• _Brief_: Set down the line containing "Karups - Whitney" and each line after it through the last line of the records, exactly, leaving pictures out.

(Records from a dataset)
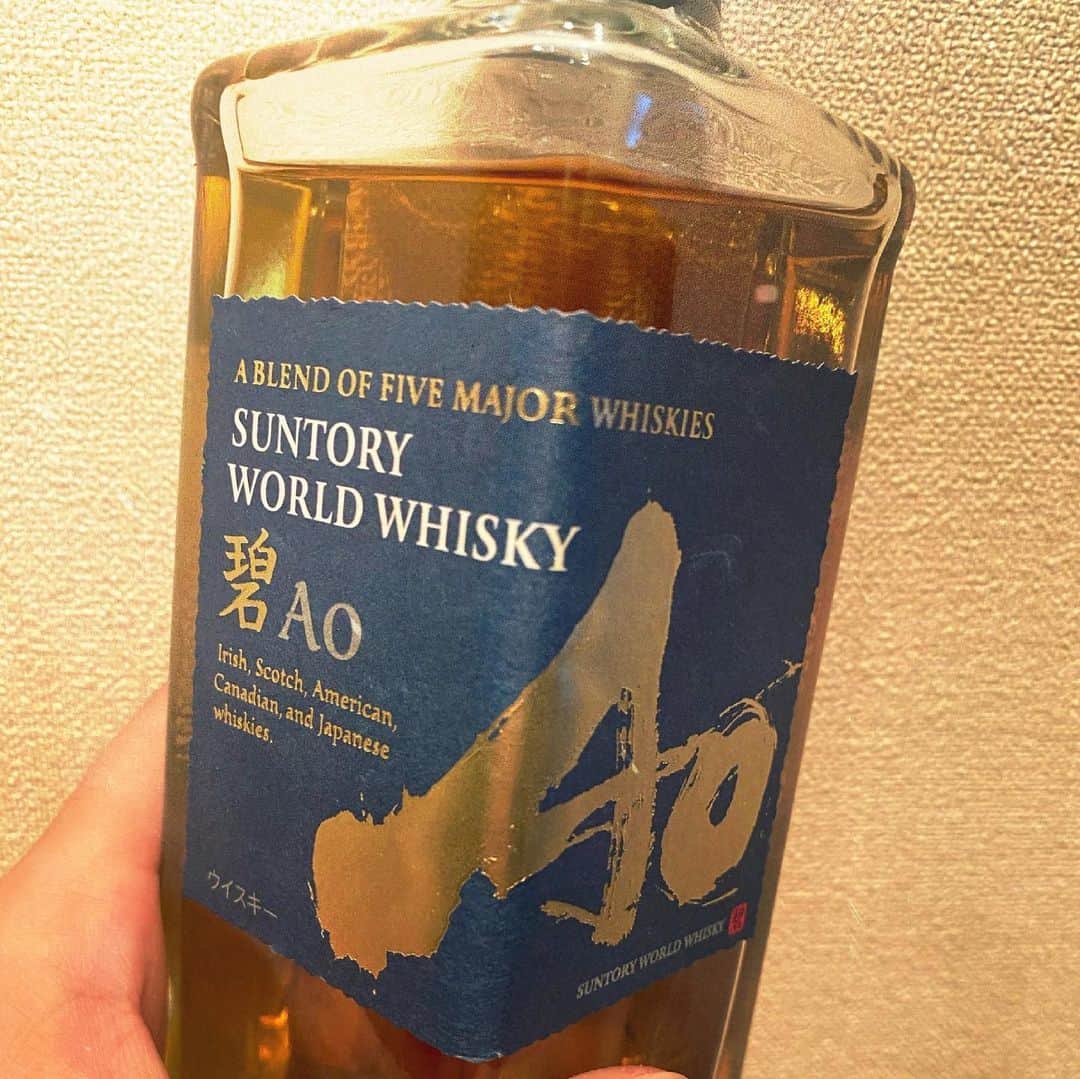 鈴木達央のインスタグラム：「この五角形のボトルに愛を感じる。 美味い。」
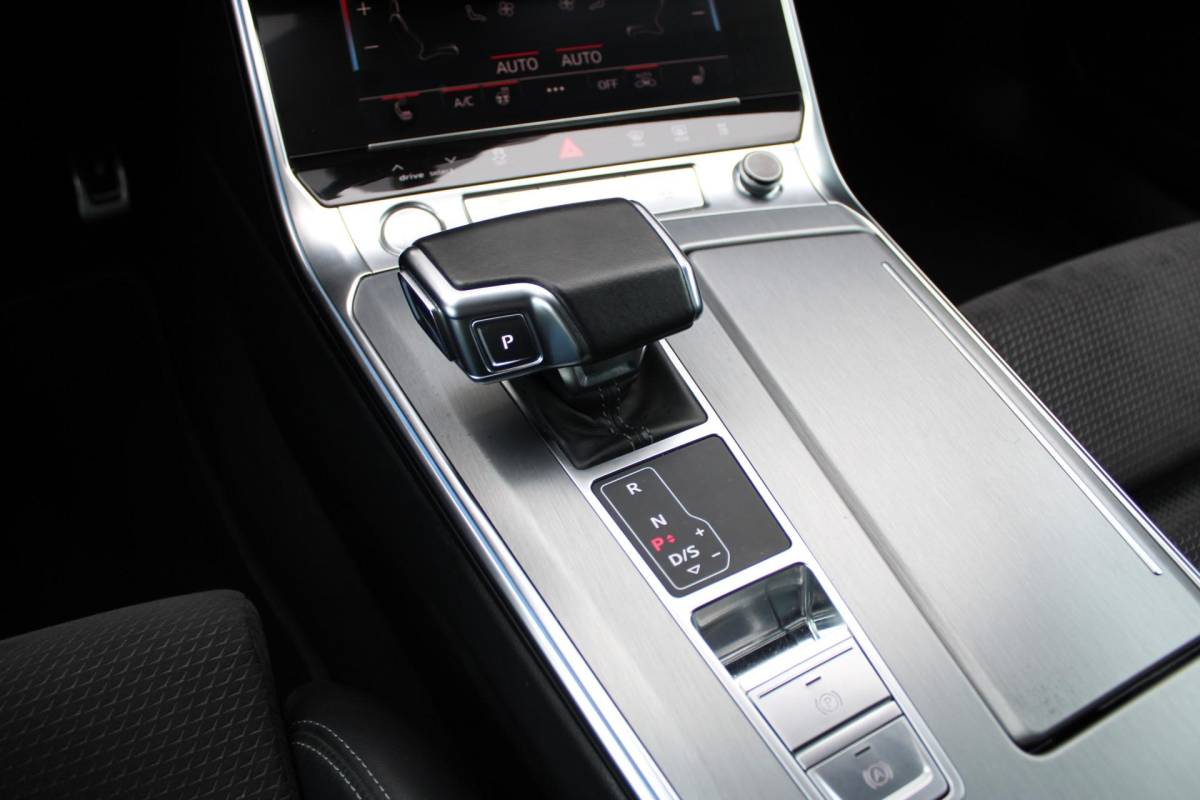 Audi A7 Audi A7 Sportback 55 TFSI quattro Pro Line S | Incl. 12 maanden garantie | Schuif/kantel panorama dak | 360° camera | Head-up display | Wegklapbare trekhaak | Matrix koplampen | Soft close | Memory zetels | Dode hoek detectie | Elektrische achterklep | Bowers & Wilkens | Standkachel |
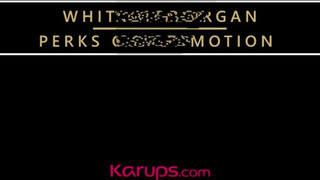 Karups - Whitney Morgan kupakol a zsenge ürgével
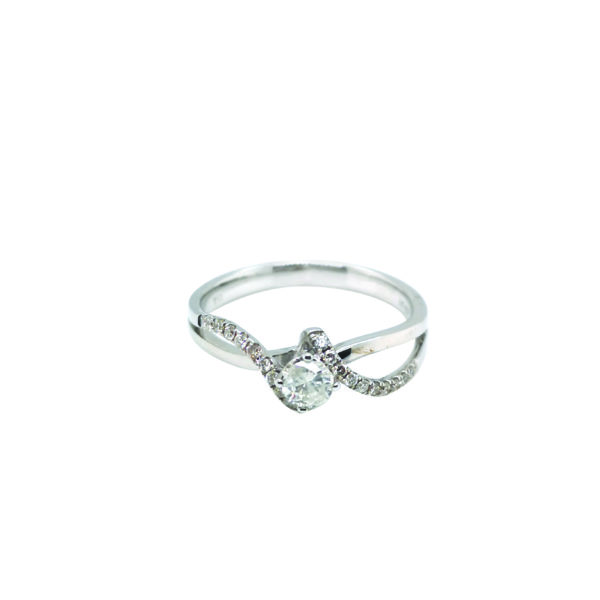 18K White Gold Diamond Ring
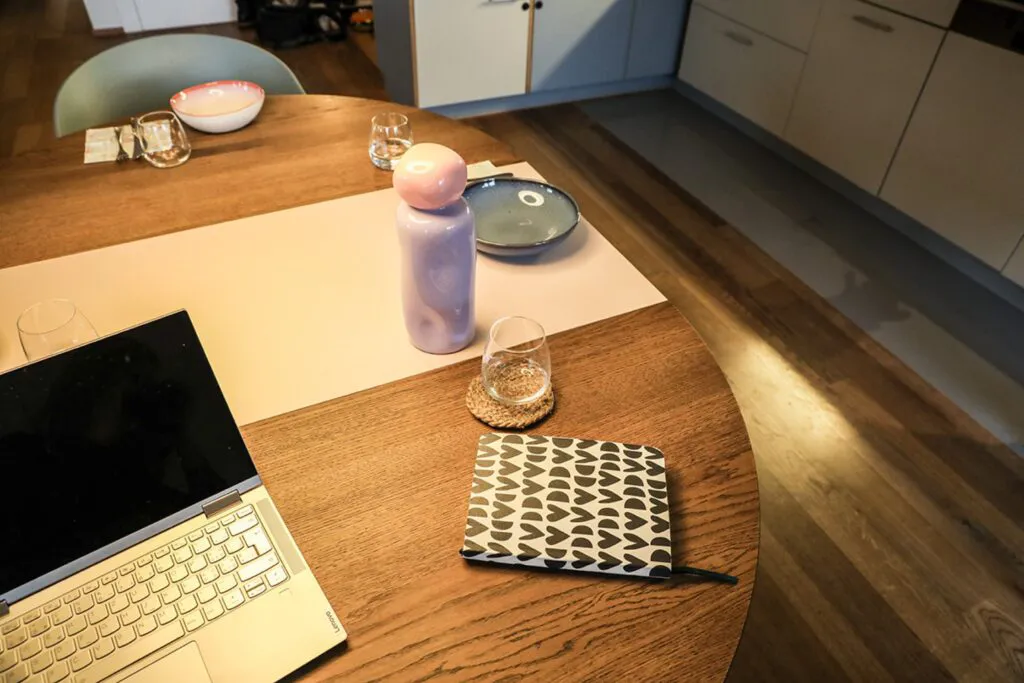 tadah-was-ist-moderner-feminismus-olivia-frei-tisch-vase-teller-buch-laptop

• _Answer to this exercise_:
 Karups - Whitney Morgan kupakol a zsenge ürgével
 18K White Gold Diamond Ring
 tadah-was-ist-moderner-feminismus-olivia-frei-tisch-vase-teller-buch-laptop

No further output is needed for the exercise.